It's been a long twelve years.
The AP has called the Virginia Senate race for Jim Webb.
In November 1994 I was seventeen years old; I was a senior in high school. I woke up the morning after the election and ran to get the paper. My father was at the kitchen table drinking his coffee. I picked up the paper, took one look at the headline, and threw it across the room. I don't remember the exact words I used, but they were foul enough to draw a rebuke from my father. "It's not going to matter," he told me. "This isn't something that's going to make a difference in our everyday lives."
It's been a long twelve years.
During that time I've learned what it's like to be poor, to have to search through cushions for bus money to get to work - and on getting there to find that you didn't have a job anymore, so sorry, we did call you this morning to tell you, why are you here? I've been paid less than minimum wage and stuffed myself at events that offered free food so that I wouldn't need supper later. I've learned what it's like to have pneumonia and be turned away at the doctor's office because you don't have $90 cash to give them up front. I've seen bigotry against women, minorities, and gays enshrined in law and enforced through public policy.

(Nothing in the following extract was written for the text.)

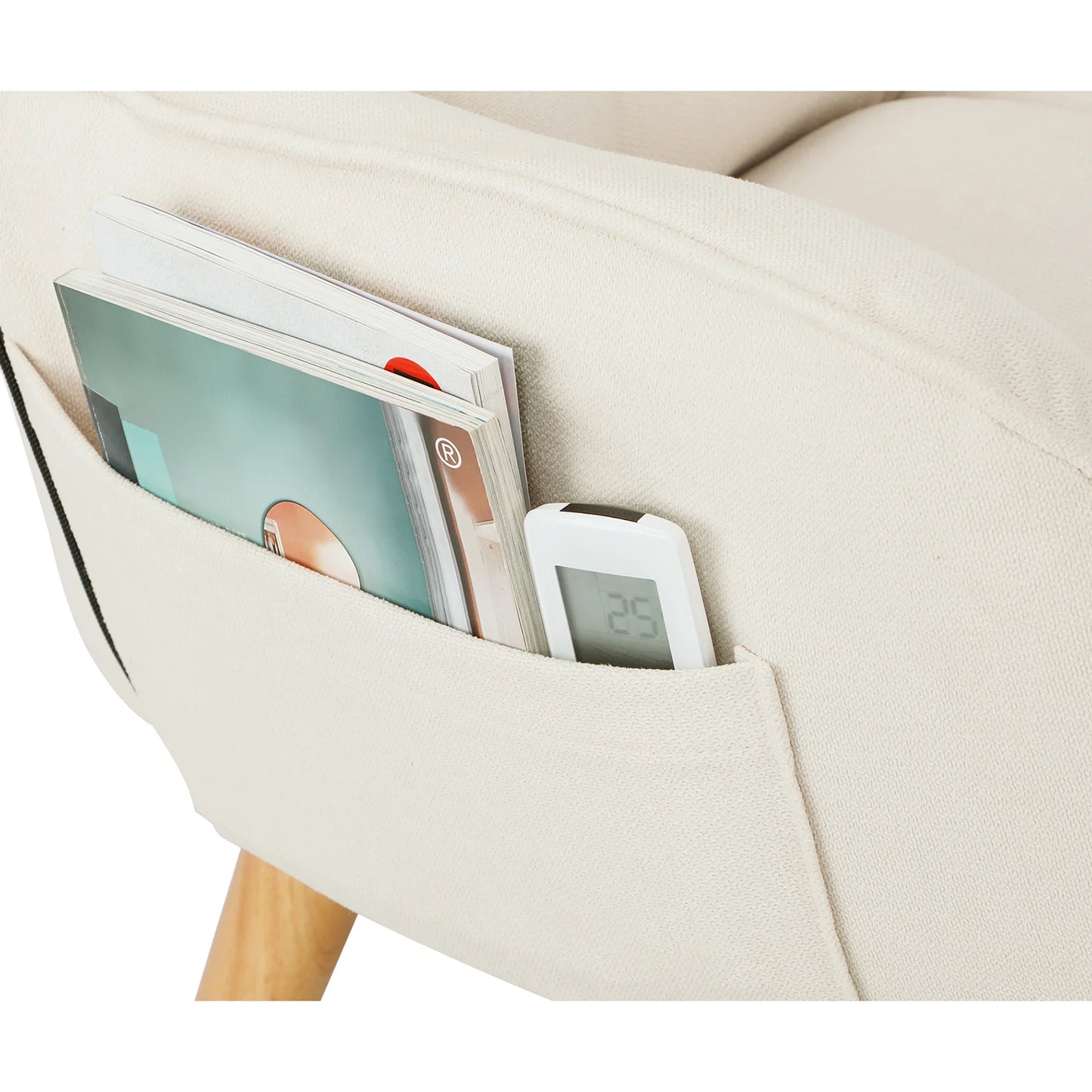 ACH-ST-TRON-BG Oikiture Armchair wit Stool 360° Swivel Seat Beige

It's been a long twelve years.
Politics is a ripe breeding ground for cheesy rhetorical imagery. I'm sure it's the emotion of the day and not the power of the words that burned Tom Daschle's concession speech of November 3rd, 2004 into my memory. He said that he'd seen the sun set over the mall in Washington, DC (I have too, and from a plane no less - a breathtaking sight) and that he'd seen the sun rise over Mount Rushmore - and that he liked sunrises better than sunsets. As I was telling a friend the other day, I like sunsets best: they're pretty, and you have to get up far, far too early to see the sun rise, unless it's winter, and in the winter it's too cold.
There is no sunset I've ever been gladder to see than the metaphorical one that marks the end of the rule of these Republicans who launched themselves to power by stomping on our best hope to bring healthcare to everyone, and whose latest electoral push has been based on the idea that people with accents and brown skin should be automatically denied the opportunity to participate fully in society. And yet I'm uncertain - it's hard to imagine what this new day will look like. It's been such a very long twelve years.
I'm daring to let myself hope that it's over now. But I know too that my work has not yet ended. This victory is a tool not an end; we will have to use it to further fight for justice and create the world we want. I'm ready to begin.
Oh, and thanks, D.C. United - I'd definitely rather have this than the MLS Cup.